Architecture Philosophy: Different Approaches to the Same Goals
Polars: Performance-First Design
Polars is written from scratch in Rust, designed close to the machine and without external dependencies. It's based on Apache Arrow's memory model, providing very cache efficient columnar data structures and focuses on:
Ultra-fast query execution with SIMD optimizations Memory-efficient columnar processing Lazy evaluation with query optimization Streaming for out-of-core processing
Elusion: Flexibility-First Design
Elusion takes a different approach, prioritizing developer experience and integration capabilities:
- Core Philosophy: "Elusion wants you to be you!"
Unlike traditional DataFrame libraries that enforce specific patterns, Elusion offers flexibility in constructing queries without enforcing specific patterns or chaining orders. You can build your queries in ANY SEQUENCE that makes sense to you, writing functions in ANY ORDER, and Elusion ensures consistent results regardless of the function call order.
Loading files into DataFrames:
Regular Loading: ~4.95 seconds for complex queries on 900k rows
CustomDataFrame::new()
Streaming Loading: ~3.62 seconds for the same operations
CustomDataFrame::new_with_stream()
Performance improvement: 26.9% faster with streaming approach
- Polars approach:
let df = LazyFrame::scan_csv("data.csv", ScanArgsCSV::default())?

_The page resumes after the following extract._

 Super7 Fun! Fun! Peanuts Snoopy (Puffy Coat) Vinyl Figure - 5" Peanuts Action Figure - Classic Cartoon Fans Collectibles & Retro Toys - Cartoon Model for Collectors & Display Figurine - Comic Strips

.filter(col("amount").gt(100))
.select([col("customer"), col("amount")])
.collect()?;
- Elusion approach - flexible ordering:
let df = CustomDataFrame::new("data.csv", "sales").await?
.filter("amount > 100")
.select(["customer", "amount"])
.elusion("result").await?;
// Or reorder as you find fit - same result
let df = CustomDataFrame::new("data.csv", "sales").await?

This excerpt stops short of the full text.